- Born: Jane Charlotte Gordon (bapt) 1806 Purley on Thames
- Died: 24 November 1871 Ostend
- Occupation: benefactor

= Jane Weld =

Jane Charlotte Weld aka "Baroness Weld" born Jane Charlotte Gordon ((bapt) 1806 – 24 November 1871) was a British convert to Roman Catholicism and benefactor.

==Life==
Weld was born in Purley on Thames and she was baptised on 10 August 1806 at Sunnyhill. Her parents were Jane Gordon (née Halliday) and Edward Lesmoir Gordon, a Sergeant-at-Arms.
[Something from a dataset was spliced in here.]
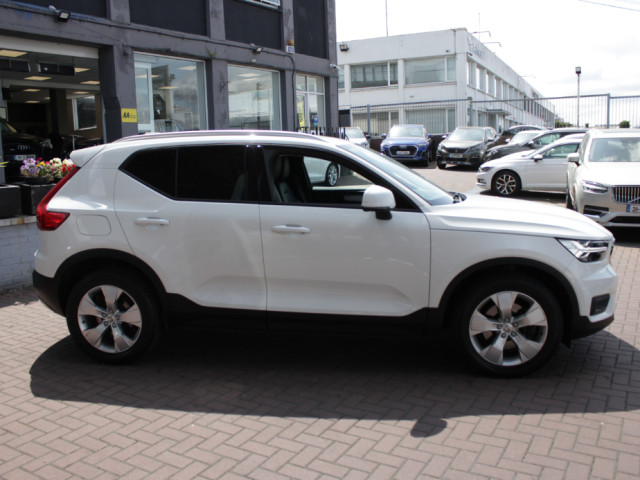 Image for 2018 Volvo XC40 D4 AWD MOMEMNTUM 5DR AUTOMATIC // WITH ONLY 96, 000 KM'S // BUY WITH CONFIDENCE AA AND SIMI APPROVED DEALER 2026 // FINANCE ARRANGED // ALL TRADE INS WELCOME //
Smythie had four siblings, including a sister Harriette who became a writer and a brother, Edward, who was Sergeant-at-Arms at the coronation of Queen Victoria in 1838. Her father abandoned his family and went to France to avoid his debts. Her mother arranged for her to be educated at home until she was sixteen. At this point she was sent to a Roman Catholic school which is unexplained.

Before she was legally mature she married a leading Roman Catholic solicitor named William Weld. In time after some thought and eleven years of matrimony she converted to Roman Catholicism. She had taken advice and listened to lectures by Nicholas Wiseman.

In 1843 when they were abroad her husband did a small favour for the grand duke of Tuscany and he made him a baron. Weld took the title Baroness and used it from then on.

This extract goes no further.